# Return to Moria & the mysterious Durin VII



## JeffF. (Jan 3, 2002)

The mystery of that untold of last Durin (from the appendix on Durin's Folk) and the opportunity for Durin's folk to retake their ancient mansions is told in another story by another author. Dennis McKiernan takes a few elements from Tolkien's Return of the King (Lord of the Rings vol 3) and creates a wonderful story. The names of characters and peoples are changed for the sake of copyright. Through my many re-readings of the Lord of the Rings I often wondered if the Dwarves were able to return to Moria. In the appendix of return of the King there is a tantalizing geneaology of Durin's line. Durin VII (and last) is listed and the reader wonders if this last Durin led his people back to Khazad Dum (Moria) after the fall of Sauron. This is the story of his battle to win back the home of his people. The horn presented by Eomer to Meriadoc is the key to the battle. I was wondering if anyone else like Mckiernan's Silver Call Duology and his version of the Dwarves return to Khazad-Dum.


----------



## Retrovertigo (Jan 4, 2002)

I've heard a lot about those sorts of things lately. Like people don't have enough time to think up something original, and so much better than a pale copy in poor taste.


----------



## JeffF. (Jan 4, 2002)

*Osunds like you haven't read it*

It is a great story. Who else is going to write it? Christopher can only put his father's notes into books. McKiernan obviously writes non-Tolkein related fantasy stories but this duology has so many elements from LOTR that it becomes a great connection. The Dwarf kingdom description is the same as Moria, the Watcher in the Water, the great halls, Merry's horn (given by Eomer), the two Cave Trolls, hobbit swords (Sting and the Barrow swords) are all there. His battle scenes are better than Tolkein's, being more descriptive and less poetically narrative. Tolkein's appendices are great primers for future stories but without someone to write them they are mere outlines, tantalizing and leaving the reader to wish for more.
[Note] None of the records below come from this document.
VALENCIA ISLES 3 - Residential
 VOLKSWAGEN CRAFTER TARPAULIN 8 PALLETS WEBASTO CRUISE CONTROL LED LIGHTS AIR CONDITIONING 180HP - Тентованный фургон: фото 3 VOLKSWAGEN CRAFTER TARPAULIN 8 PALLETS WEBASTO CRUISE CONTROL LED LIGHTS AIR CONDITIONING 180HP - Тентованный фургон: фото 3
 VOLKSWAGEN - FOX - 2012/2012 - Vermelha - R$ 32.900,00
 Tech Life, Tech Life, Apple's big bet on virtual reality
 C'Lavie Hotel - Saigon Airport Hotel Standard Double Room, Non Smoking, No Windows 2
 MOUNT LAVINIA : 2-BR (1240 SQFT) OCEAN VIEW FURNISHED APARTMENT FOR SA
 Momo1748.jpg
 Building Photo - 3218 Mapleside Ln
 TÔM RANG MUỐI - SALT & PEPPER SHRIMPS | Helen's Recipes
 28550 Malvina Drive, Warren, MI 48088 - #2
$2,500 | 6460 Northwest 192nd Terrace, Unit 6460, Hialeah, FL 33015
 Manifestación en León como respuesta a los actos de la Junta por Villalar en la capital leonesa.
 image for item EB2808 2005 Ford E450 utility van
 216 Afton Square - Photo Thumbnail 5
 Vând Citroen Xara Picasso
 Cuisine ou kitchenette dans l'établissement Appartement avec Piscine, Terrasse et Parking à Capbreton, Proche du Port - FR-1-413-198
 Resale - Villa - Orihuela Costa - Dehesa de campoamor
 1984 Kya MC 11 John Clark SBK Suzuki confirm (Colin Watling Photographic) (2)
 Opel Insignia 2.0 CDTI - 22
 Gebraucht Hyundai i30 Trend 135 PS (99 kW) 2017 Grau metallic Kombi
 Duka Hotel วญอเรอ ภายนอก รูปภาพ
McKiernan is no JRR but his stories, particularly this one, fill that need for more Tolkein type stories in the absence of any more from the master storyteller.


----------



## Halasían (Nov 12, 2006)

*Good fanfic...*

Writing fanfic is great as long as it keeps the original story intact. There is plenty of room in Tolkien's writing to come up with alot of details happening in between the events, especially when you look through the appendices. don't plan on publishing any of it though. But fanfic is a great media to try different plots and such that can then be used in ones original works.


----------